Coun Moore – the Lib Dems’ longest serving councillor in Sheffield with 22 years’ continuous service – made local political history in 1999 by overseeing an end to 75 years of almost uninterrupted Labour control.

After leading the opposition group in the 1990s, he persuaded voters that there was an alternative, and embarked on a mission to make the Town Hall respond more effectively to what the public wanted.

The attitude of “listening more to the people” was continued by a chastened Labour group when it returned to power three years later.

“I shifted the emphasis to being more customer focused and it runs to this day,” said Coun Moore. “It is important we serve the people who pay for it all.”

Yet achievements in helping individuals can be the most satisfying, he said. “When somebody says, ‘You are my last resort’ and you work on their problem, which may seem small to the rest of the world, but is the most important thing in their life, and it can mean taking on the council and the officers until you resolve it.”

After the Lib Dems lost control, Coun Moore returned to the backbenches, and is now retiring as a councillor for Graves Park.

For 14 years, he has been a member of the European Local Government Committee, helping to ensure the voice of local government is heard when decisions are taken by the European Commission. That positions ends when he no longer a councillor.

He does not intend to put up his feet in retirement, saying: “I have got all sorts of irons in the fire”.

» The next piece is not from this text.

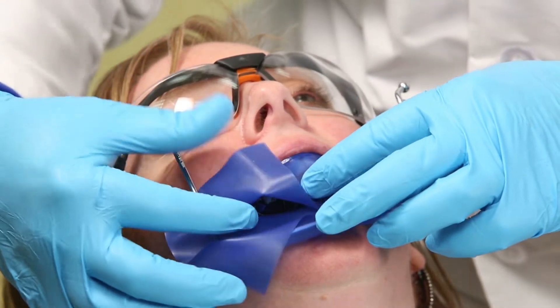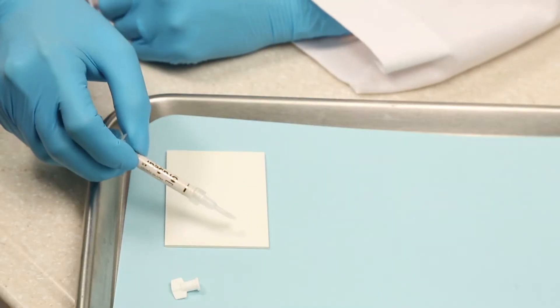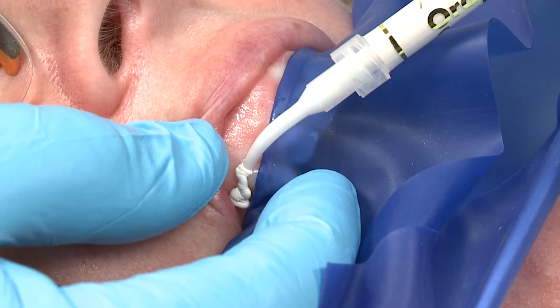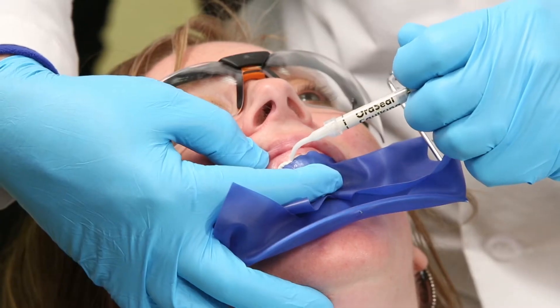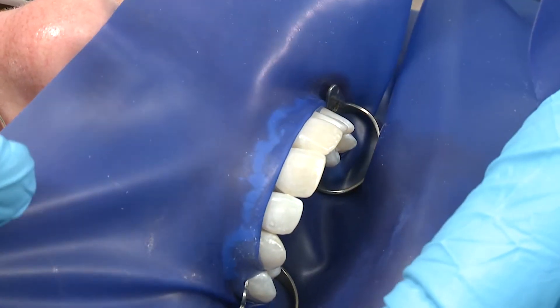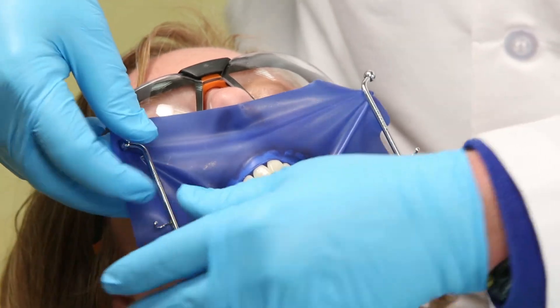Simply peel back the rubber dam to expose the tissue. Express a small amount on a pad first to check flow, then express a thin ribbon of oracil caulking beneath the rubber dam along the gingival margin to prevent leakage. Reattach the rubber dam to the frame and reinvert the rubber dam where needed.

Joan Barton’s long service at both the strategic level and grass roots were recognised this year by a national award for her “outstanding contribution to local government”.

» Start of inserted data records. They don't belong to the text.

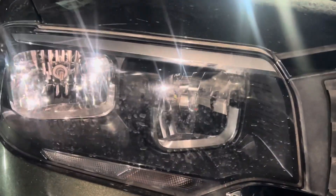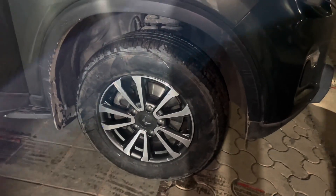Z4 model headlamps — we have added LEDs. 17 inch genuine alloy wheels.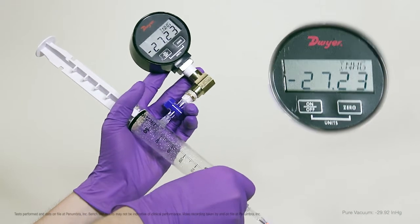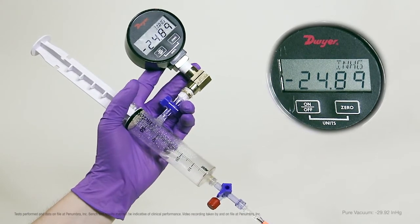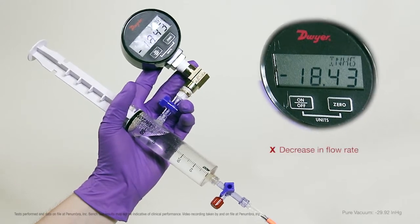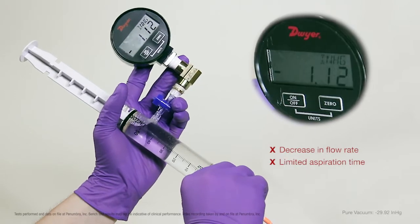We now open the stopcock on the syringe, allowing water to enter the syringe through the manual aspiration catheter. As the syringe fills with water, we see a decrease in vacuum, which causes a decrease in flow rate and a subsequent limit in aspiration time.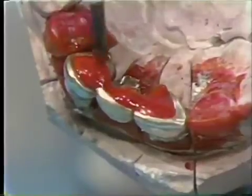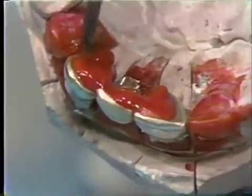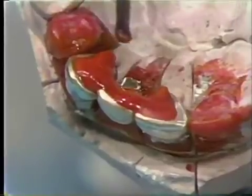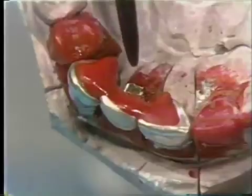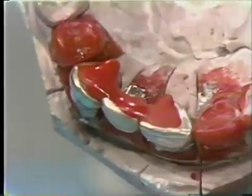The Duralay is carefully flowed across the pontic and onto the cuspid casting, and then around the cuspid knock-off lug. It's important to keep the Duralay away from the pins of the pin facing. Should the Duralay get in this area, it could lock the facing in place and make it difficult to remove.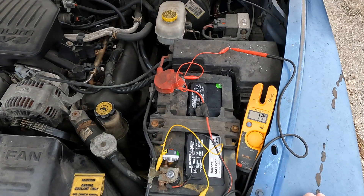Having 15 running volts means this charging system is good and this project's over. Hey, thanks for watching everyone.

She has always seen herself as a team player, representing Firth Park since 1978 and exerting influence as deputy party leader, chairing the Labour group and the education committee and being deputy chair of housing.

It was the right time to retire, she said. “I have done 34 years, I am 64 and I want to do other things while I have the energy.

“I honestly can’t believe where all the years have gone. It’s been very interesting and I really hope I have made contribution to make Sheffield a better place.”

Her main regret is very much a grass roots issue – trying to protect the city’s grass verges from inconsiderate motorists. “I don’t think they are any better,” she sighed.

A more general concern is the growing concentration of power in fewer hands, whether it be a council leader and cabinet or an elected mayor.

“I don’t like the way local government is moving. I am totally opposed to an elected mayor. We have always talked about working with the community and making decisions from the bottom up. Now we have a situation where a small number of people are making the decisions.

“I feel the backbenchers of the future will become a cross between community workers and scrutineers. It’s a real shame. We are moving away from the representation of local people.”

Married to former Labour councillor and Euro MP Roger Barton, she is looking forward to retirement. “It doesn’t have to mean sitting in the armchair watching TV. I have lots of other things to do – gardening, reading, travelling – we have got a motor home – and spending time with the grandkids. And I am still going to be active in community organisations.”